#### [Data for analysis]
_ _ _ _ _ _ _
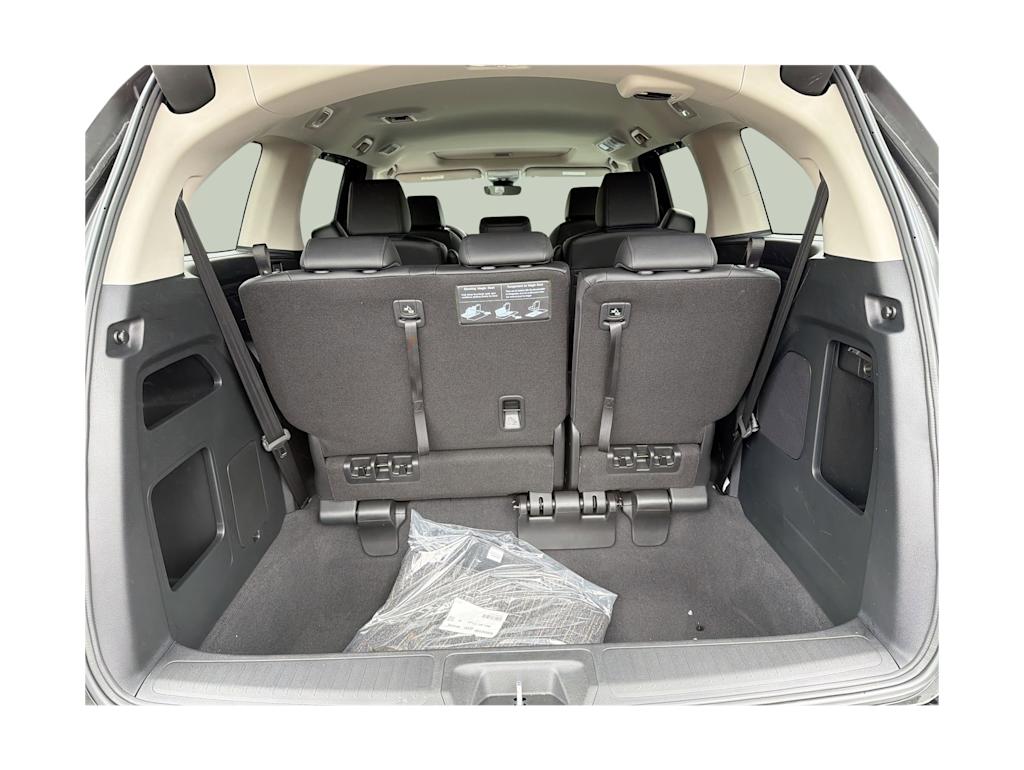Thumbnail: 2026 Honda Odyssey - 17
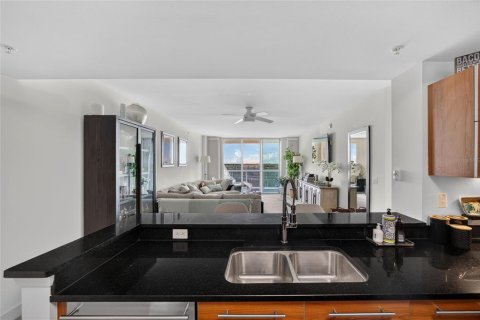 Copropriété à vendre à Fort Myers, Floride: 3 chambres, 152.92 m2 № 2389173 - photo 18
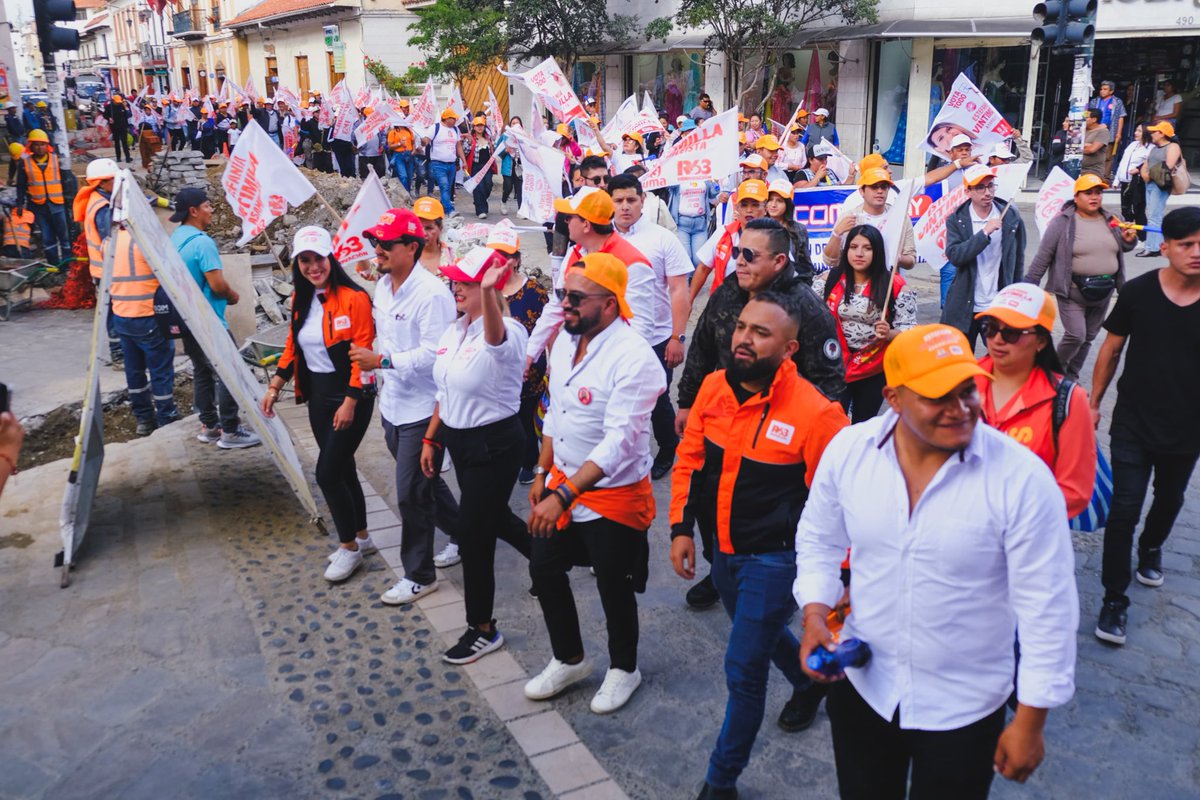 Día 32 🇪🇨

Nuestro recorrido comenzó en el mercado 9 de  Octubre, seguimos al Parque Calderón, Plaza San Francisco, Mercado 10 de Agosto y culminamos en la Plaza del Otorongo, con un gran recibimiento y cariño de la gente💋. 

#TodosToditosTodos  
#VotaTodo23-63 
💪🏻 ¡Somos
_ _ _ _ _ _ _
#### [Problem description]
Return, word for word, the line containing "Nuestro recorrido comenzó" and all lines after it through the last line of the records, and nothing else.

#### [Result of the exercise]
Nuestro recorrido comenzó en el mercado 9 de  Octubre, seguimos al Parque Calderón, Plaza San Francisco, Mercado 10 de Agosto y culminamos en la Plaza del Otorongo, con un gran recibimiento y cariño de la gente💋. 

#TodosToditosTodos  
#VotaTodo23-63 
💪🏻 ¡Somos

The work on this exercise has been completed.